Driving from Pennsylvania to the top of Maine is somewhat similar to driving to South Florida. You pass through a lot of states rather quickly. Although there is no South of the Border up in the North East, if you can believe that, which is a bummer cause I LOVE South of the Border. The thing is when you get to the bottom of Maine, similar to when you get to the top of Florida, you have a long way to go. I looked at my Nav as I was telling my friend we just passed the Maine border and realized we still had about 5 hours to go. I don't understand that. Maine is like 3/4 inch big on the map. Let's face it, it's no Wyoming.
That being said, at some point my kids want me to shut up the singing. We play the all the car games, or at least that one that you go through the alphabet and say a name and a husbands name and where you live and what you sell. It's amazing how juvenile one can become nine hours into a road trip. Even if you're forty. Age doesn't count when you are cracking yourself up. Right?
"E my name is Eeyore. My husbands name is Egbert," I start with.
"Mom! Eeyore is a boy!"
""This is a gay couple. Now stop speaking out of turn," I say.
"We sell elegant edible undergarments for the elderly and we live East of the Elephants elbow in Egypt," I say proudly.
"Mom, this isn't Scattergories, you don't get more points for more E's."
" Oh yes I do, I think I just won the game with that and we're not even halfway through the alphabet."
At one point Saige said, "Chase is making out with his bear! He is so disgusting." I attempted to ignore the whole thing. Then she said, "Did you tell Mom about camp?" For this the music gets lowered a decibel. "What, did you make out at camp?" I ask, I haven't heard of this before. "Who did he make out with?" I ask Saige. "He won't tell me. I don't have a name," she said. "Did you make out or kiss?" I ask. "Just kissed, " he said. "What's the difference?" asked Saige. (I was curious too.) "When you make out, you mix tongues and exchange gum," Chase informed us.
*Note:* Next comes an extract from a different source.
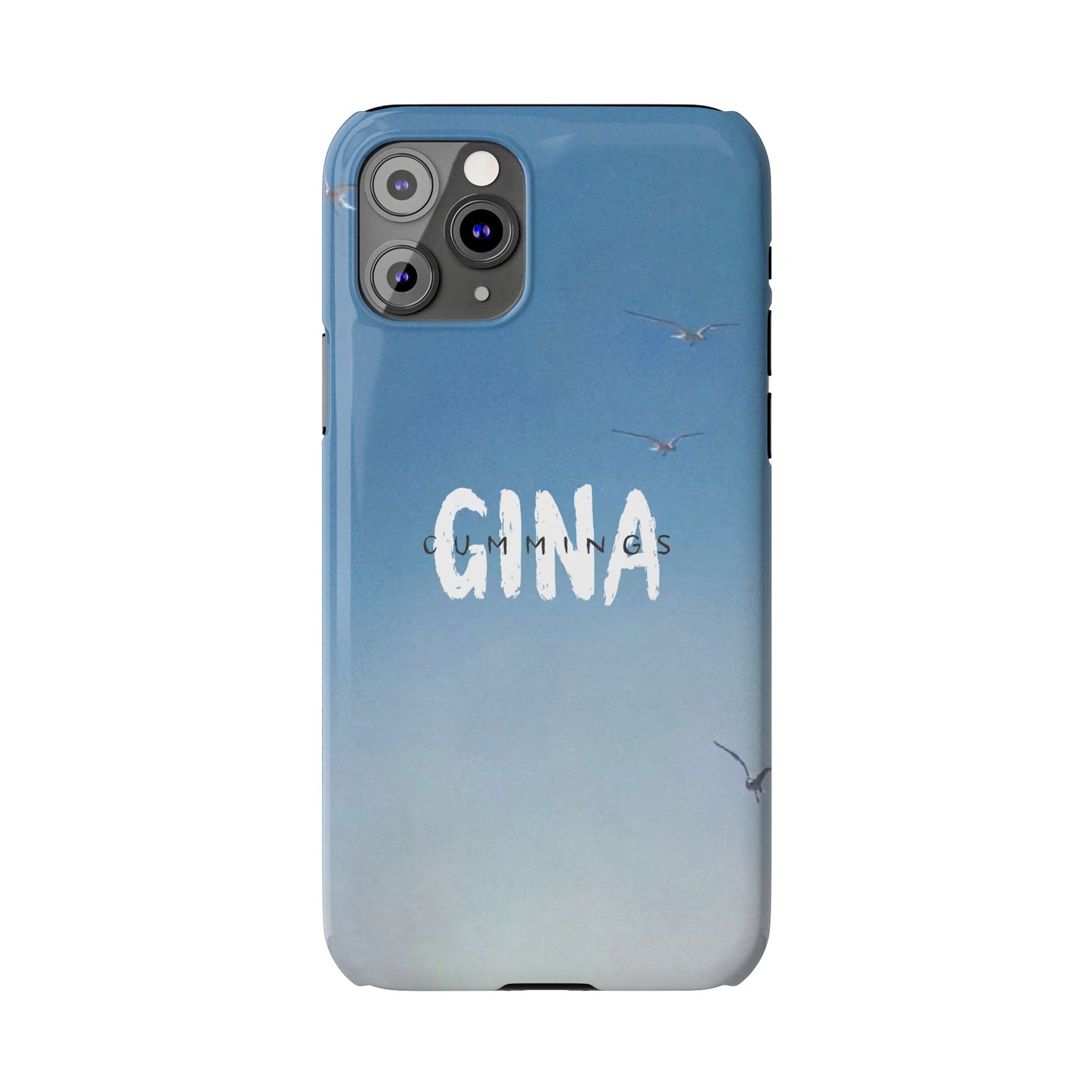 1989 Custom Slim iPhone Cases | Personalized Name | iPhone Mini, Plus, Pro Max 15 to 7 | Perfect Present Swiftie Fan Gift Stocking Stuffer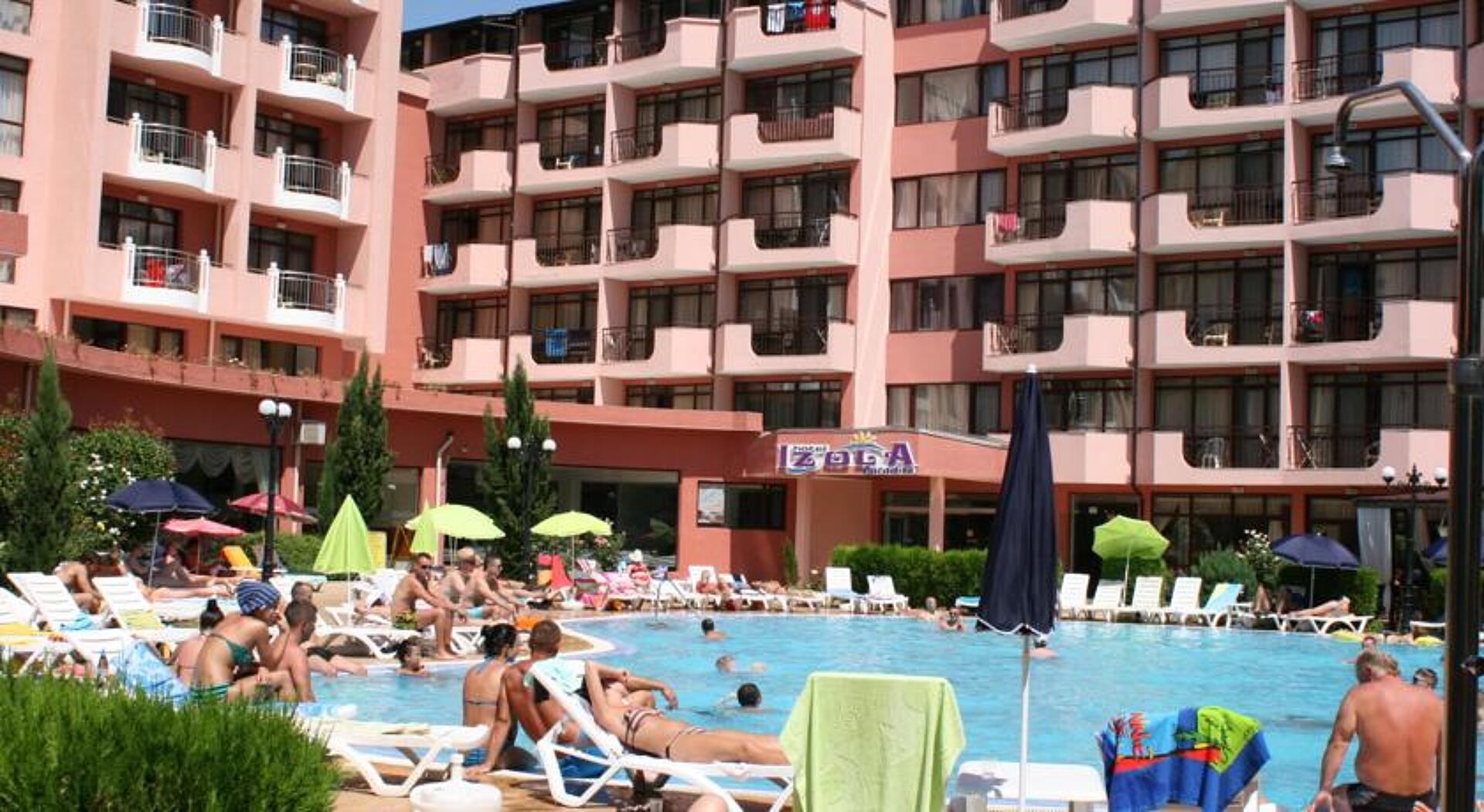 Isola Paradise 4* 39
Very Good. Nuff said.
Sign- MOOSE- Next 10 Miles.
"Do you think we'll see one Mom?" Chase asked me.
"Good thinking positive Mom," he returned with.
"Good looking out Brother."
"Man, there are a lot of really cute dead animals on the side of the road," he said, somewhat dismayed.
"Well, you know what to do," I reminded him.
Insert our fake cross sign here.
"That is the most beautiful Moon I've seen!" Saige declared.
She was right.
It was huge and yellow. It looked like we were about to drive into it.
"Let's take a picture of it."
"Maine has the best moon ever." Saige said.
"Except that one in California," my little one upper chimed in.
Whatever, we are Moon people.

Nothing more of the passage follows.